Ook heeft de rechtbank acht geslagen op de LOVS-oriëntatiepunten die strafrechters in Nederland hanteren met betrekking tot (bedrijfs)inbraken. Hieruit volgt dat de omvang van de schade een strafvermeerderende factor kan opleveren. De rechtbank is met de officier van justitie eens dat verdachte – zoals hierboven uiteengezet– aanzienlijke schade heeft toegebracht aan en in het pand en zal de omvang van deze schade in strafvermeerderende zin meenemen in de op te leggen straf.
Gelet op de rapporten van de reclassering, in het bijzonder het rapport van 10 augustus 2020, ziet de rechtbank geen andere mogelijkheid dan de oplegging van een onvoorwaardelijke gevangenisstraf.
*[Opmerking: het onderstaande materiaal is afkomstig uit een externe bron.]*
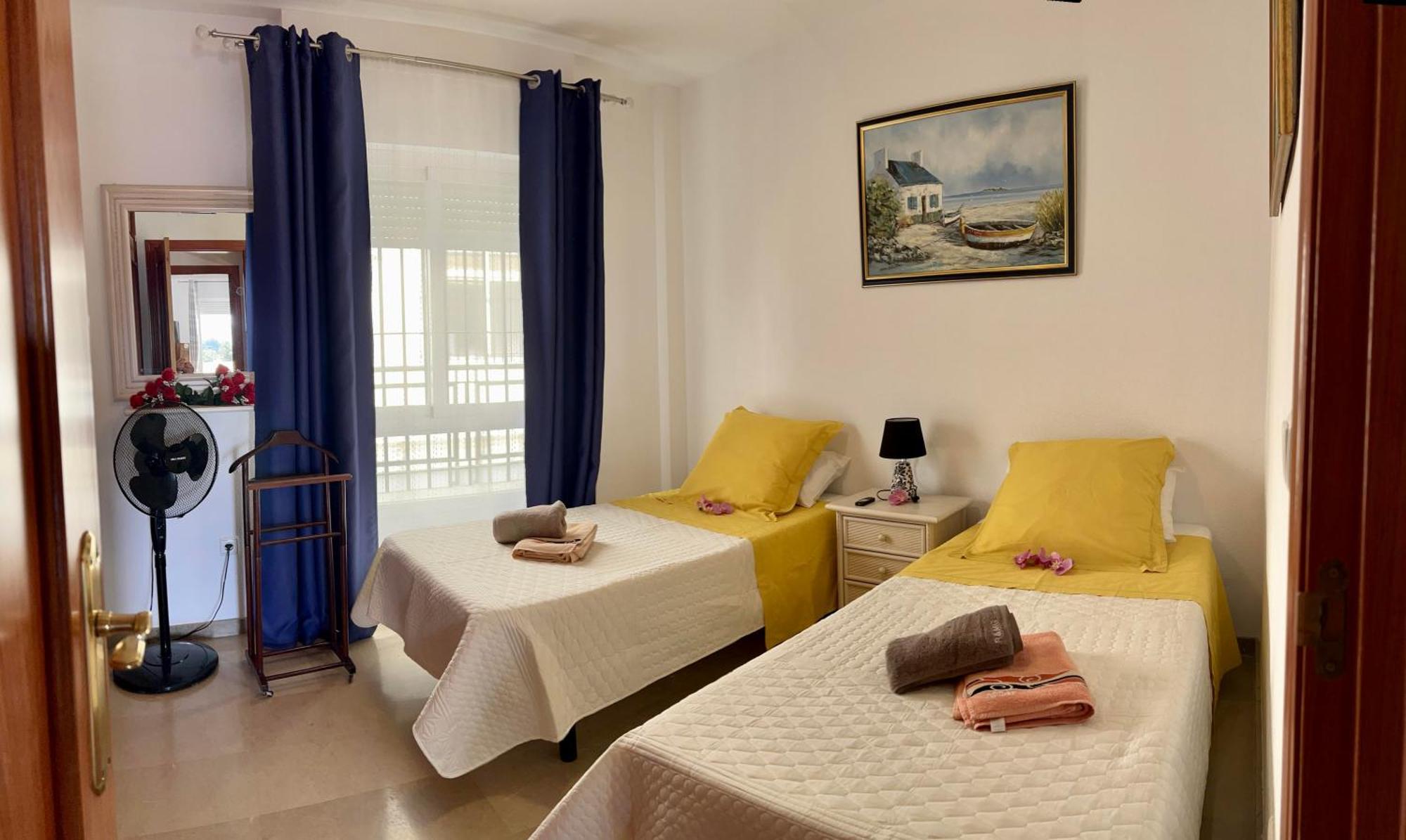 Luxury Near Puerto Marina Apartment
De rechtbank vindt de door de officier van justitie gevorderde gevangenisstraf van 100 dagen, met aftrek van voorarrest, passend en geboden en zal deze straf dan ook opleggen.

9.Toepasselijke wettelijke voorschriften

De op te leggen straf is gegrond op artikelen 63 en 311 van het Wetboek van Strafrecht.

10.Beslissing

De rechtbank komt op grond van het voorgaande tot de volgende beslissing.
Verklaart bewezen dat verdachte het ten laste gelegde heeft begaan zoals hiervoor in rubriek 4. is vermeld.
Verklaart niet bewezen hetgeen aan verdachte meer of anders is ten laste gelegd dan het bewezen verklaarde en spreekt verdachte daarvan vrij.
Het bewezen verklaarde levert op:
diefstal, waarbij de schuldige zich de toegang tot de plaats van het misdrijf heeft verschaft door middel van braak en inklimming.
Verklaart het bewezen verklaarde strafbaar.
Verklaart verdachte,
[verdachte], daarvoor strafbaar.
Veroordeelt verdachte tot een
gevangenisstrafvoor de duur van
100 (honderd) dagen.
Beveelt dat de tijd die door verdachte voor de tenuitvoerlegging van deze uitspraak in verzekering en in voorlopige hechtenis is doorgebracht, bij de tenuitvoerlegging van die straf in mindering gebracht zal worden.
Heft op het bevel tot voorlopige hechtenis met ingang van het moment waarop de duur daarvan gelijk wordt aan de duur van de opgelegde vrijheidsstraf.
Dit vonnis is gewezen door
mr. R.C.J. Hamming, voorzitter,
mrs. R.A. Overbosch en R. Godthelp, rechters,
in tegenwoordigheid van mr. N.M. van Trijp, griffier,
en uitgesproken op de openbare terechtzitting van deze rechtbank van 20 augustus 2020.